Entries taken from a collection
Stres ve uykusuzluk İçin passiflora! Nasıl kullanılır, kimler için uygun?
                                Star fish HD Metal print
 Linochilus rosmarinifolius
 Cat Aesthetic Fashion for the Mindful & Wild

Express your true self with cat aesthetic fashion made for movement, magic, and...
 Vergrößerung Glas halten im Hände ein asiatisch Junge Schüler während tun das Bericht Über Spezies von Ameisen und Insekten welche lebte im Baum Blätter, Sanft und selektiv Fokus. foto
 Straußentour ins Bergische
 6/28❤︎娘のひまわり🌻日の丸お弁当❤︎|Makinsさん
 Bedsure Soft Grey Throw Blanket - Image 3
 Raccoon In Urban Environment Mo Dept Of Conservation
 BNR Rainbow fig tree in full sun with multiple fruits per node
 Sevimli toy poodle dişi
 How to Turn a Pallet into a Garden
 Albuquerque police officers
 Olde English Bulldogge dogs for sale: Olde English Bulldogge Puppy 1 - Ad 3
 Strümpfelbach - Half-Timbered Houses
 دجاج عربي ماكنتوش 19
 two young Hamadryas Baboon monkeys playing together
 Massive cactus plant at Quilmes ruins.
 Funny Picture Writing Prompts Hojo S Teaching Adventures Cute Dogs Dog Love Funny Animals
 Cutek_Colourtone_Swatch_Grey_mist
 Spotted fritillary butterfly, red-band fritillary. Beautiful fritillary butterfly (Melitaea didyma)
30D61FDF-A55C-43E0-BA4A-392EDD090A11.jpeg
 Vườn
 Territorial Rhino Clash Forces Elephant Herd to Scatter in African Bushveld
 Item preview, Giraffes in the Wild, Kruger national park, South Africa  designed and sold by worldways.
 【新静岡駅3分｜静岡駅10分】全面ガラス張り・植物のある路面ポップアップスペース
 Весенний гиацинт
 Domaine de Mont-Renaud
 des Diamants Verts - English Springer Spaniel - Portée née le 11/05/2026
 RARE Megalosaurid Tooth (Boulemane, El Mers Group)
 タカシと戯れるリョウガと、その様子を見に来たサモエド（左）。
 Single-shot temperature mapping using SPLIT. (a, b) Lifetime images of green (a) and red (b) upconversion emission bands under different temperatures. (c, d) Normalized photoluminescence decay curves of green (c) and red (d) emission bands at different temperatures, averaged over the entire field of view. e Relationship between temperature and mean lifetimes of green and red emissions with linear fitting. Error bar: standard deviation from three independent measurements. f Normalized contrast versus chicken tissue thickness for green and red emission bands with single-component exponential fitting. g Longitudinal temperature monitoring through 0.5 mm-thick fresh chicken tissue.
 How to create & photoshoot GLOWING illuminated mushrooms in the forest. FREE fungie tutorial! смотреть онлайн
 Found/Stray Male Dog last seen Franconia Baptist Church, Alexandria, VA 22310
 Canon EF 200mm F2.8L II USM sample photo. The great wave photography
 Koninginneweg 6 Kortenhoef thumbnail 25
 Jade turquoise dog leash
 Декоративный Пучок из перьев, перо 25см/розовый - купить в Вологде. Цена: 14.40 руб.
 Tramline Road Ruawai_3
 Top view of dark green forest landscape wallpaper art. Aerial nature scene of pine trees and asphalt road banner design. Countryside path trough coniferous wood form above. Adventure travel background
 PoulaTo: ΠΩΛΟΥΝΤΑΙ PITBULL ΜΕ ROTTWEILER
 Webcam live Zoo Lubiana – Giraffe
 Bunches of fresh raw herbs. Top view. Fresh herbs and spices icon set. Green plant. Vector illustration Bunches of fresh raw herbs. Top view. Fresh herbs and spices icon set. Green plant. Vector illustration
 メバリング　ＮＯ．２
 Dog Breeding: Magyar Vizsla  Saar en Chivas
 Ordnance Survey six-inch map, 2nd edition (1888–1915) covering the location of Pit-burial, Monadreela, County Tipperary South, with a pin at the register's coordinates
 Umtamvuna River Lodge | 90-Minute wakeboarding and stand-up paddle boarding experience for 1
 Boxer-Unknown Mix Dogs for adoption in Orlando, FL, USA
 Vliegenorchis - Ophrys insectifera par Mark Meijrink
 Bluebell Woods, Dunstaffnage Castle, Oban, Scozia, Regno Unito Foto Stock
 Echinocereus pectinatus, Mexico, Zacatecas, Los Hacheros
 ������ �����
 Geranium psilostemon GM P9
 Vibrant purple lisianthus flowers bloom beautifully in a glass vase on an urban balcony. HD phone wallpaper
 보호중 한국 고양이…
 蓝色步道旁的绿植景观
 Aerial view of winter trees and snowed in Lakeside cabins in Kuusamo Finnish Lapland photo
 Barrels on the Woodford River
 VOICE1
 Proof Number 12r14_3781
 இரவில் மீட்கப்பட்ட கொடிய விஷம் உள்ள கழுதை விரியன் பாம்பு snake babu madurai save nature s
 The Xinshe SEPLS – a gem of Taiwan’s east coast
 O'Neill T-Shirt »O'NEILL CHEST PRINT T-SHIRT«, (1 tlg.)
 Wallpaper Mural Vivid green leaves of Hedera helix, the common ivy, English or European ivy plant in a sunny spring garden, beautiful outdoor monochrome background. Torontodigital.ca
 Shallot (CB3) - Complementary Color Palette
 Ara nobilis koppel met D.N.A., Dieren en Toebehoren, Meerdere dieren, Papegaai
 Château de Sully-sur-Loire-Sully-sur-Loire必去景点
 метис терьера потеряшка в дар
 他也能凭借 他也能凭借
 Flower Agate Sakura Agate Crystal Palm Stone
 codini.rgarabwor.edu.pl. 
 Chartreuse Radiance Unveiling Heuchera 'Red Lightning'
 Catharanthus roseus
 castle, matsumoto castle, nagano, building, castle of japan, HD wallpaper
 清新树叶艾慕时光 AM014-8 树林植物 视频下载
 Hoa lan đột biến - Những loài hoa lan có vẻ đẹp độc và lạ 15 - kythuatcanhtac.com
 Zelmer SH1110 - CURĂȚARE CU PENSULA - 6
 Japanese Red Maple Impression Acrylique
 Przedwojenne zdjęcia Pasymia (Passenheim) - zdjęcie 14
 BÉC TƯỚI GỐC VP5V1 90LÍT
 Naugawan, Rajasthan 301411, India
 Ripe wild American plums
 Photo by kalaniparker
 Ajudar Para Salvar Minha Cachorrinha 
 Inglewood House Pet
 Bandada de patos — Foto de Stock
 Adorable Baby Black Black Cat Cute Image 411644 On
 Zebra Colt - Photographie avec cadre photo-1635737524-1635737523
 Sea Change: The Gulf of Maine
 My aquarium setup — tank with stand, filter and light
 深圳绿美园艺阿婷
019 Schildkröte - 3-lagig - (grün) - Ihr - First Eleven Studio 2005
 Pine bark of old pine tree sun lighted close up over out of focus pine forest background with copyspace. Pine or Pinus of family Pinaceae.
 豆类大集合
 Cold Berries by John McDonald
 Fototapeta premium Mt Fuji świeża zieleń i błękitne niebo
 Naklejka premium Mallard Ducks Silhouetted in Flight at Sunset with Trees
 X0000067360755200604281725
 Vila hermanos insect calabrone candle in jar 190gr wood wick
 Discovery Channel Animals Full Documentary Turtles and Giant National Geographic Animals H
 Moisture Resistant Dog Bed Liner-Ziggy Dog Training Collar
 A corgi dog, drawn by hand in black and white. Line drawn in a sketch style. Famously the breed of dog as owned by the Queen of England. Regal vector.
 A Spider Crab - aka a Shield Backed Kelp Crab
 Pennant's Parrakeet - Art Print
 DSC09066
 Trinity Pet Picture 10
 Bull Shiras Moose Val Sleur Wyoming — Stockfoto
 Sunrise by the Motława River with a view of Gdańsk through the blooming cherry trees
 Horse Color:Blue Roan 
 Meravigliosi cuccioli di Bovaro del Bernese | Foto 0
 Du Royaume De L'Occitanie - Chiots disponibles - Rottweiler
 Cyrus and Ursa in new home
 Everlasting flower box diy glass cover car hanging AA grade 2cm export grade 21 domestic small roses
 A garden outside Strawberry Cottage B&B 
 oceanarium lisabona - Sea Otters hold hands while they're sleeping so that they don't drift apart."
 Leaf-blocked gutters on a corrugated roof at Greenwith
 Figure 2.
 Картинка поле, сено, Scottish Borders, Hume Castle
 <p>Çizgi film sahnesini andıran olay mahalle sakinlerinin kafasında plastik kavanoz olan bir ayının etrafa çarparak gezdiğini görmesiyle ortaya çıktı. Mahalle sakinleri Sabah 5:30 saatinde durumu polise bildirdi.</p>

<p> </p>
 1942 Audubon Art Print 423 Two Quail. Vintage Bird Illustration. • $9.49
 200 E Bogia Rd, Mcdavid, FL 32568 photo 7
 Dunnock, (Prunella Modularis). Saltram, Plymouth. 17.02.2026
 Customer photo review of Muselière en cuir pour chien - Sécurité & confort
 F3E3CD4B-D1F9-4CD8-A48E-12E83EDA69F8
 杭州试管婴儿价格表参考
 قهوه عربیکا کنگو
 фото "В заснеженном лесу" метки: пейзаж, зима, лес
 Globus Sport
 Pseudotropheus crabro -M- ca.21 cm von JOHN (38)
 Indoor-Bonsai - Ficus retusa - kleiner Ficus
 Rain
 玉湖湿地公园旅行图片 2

#### [INSTRUCTIONS FOR THE TASK]
From the entries above, return exactly the line containing "Vector illustration Bunches", the line containing "Dog Breeding: Magyar", and all lines between, and nothing else.

#### [SOLUTION FOR THIS PROBLEM]
 Bunches of fresh raw herbs. Top view. Fresh herbs and spices icon set. Green plant. Vector illustration Bunches of fresh raw herbs. Top view. Fresh herbs and spices icon set. Green plant. Vector illustration
 メバリング　ＮＯ．２
 Dog Breeding: Magyar Vizsla  Saar en Chivas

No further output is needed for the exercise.